Expériences en économie et psychologie sur les logiques d’actions collectives et de coopération en réseau : un programme de recherche mené par le CREM en partenariat avec LUSSI Projet M@rsouin 2006.

, par David Masclet, Laurent Denant-Boemont, Roger Waldeck, Thierry Pénard

Présentation du programme d’expériences sur les comportements et interactions sur les réseaux de type Internet réalisées en 2005-2006.

Ce programme de recherche vise à utiliser l’économie expérimentale pour analyser les comportements coopératifs sur les réseaux Internet. Les expériences seront menées conjointement au LABEX (Université de Rennes 1, CREM) et à l’ENST Bretagne (LUSSI).

Problématique : les réseaux Internet comme un espace de coopération et de gratuité.

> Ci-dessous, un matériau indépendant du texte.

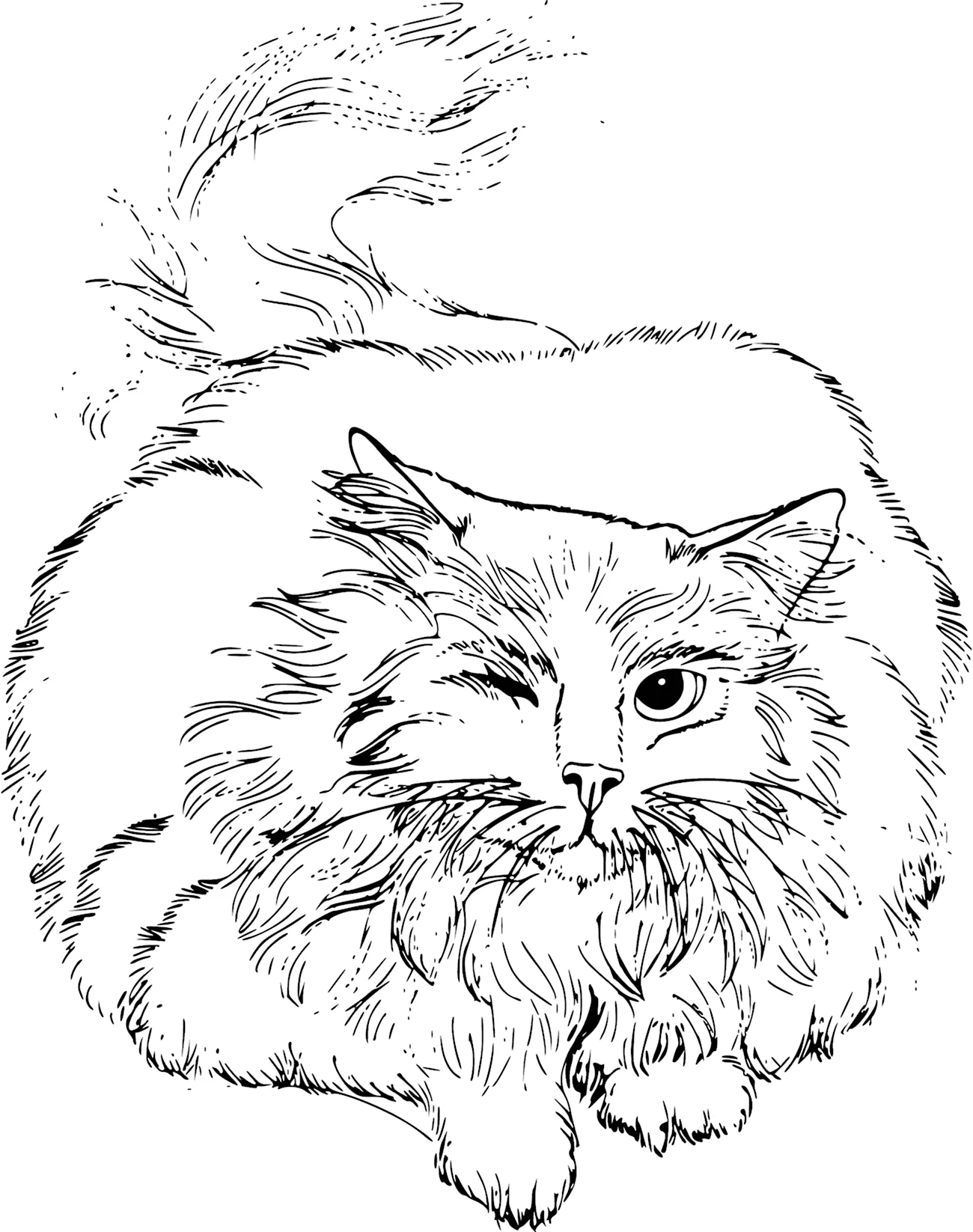 Персидская кошка раскраска. Для срисовки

Le succès d’Internet tient à ses caractéristiques techniques et économiques. Internet est un ensemble de réseaux interconnectés, permettant à n’importe quel utilisateur dans le monde d’accéder instantanément à une base d’informations distribuées et le plus souvent gratuites. Chaque utilisateur peut télécharger des informations, les diffuser à d’autres utilisateurs, mais aussi mettre en ligne ses propres informations et contribuer ainsi à enrichir le contenu d’Internet. Internet se caractérise donc par un fort degré d’interactivité entre utilisateurs et de flexibilité, liée à une architecture relativement décentralisée.

À ces caractéristiques techniques, s’ajoutent des caractéristiques économiques intéressantes : les échanges gratuits sont prédominants sur Internet, que ces échanges aient lieu entre acteurs non marchands, mais aussi entre acteurs marchands. De nombreux phénomènes de coopérations sont observées sur Internet : coopération entre opérateurs de réseaux pour les accords d’interconnexion, pour le développement de logiciels et applications permettant de faire fonctionner Internet (logiciels libres), coopération au sein de communautés non marchandes (échanges de fichiers dans les communautés Peer-to-Peer), mais aussi sur des sites marchands (avis échangés sur les produits sur le site de la FNAC ou d’Amazon, évaluation des vendeurs et acheteurs sur E-Bay). Cette tendance à la coopération et à la contribution volontaire gratuite est-elle liée aux caractéristiques techniques d’Internet ? Peut-elle s’expliquer par l’origine d’Internet en tant que réseau de chercheurs fondés sur le partage entre pairs ? Cette coopération a-t-elle des chances de durer et de résister à la densification du réseau et des communautés ?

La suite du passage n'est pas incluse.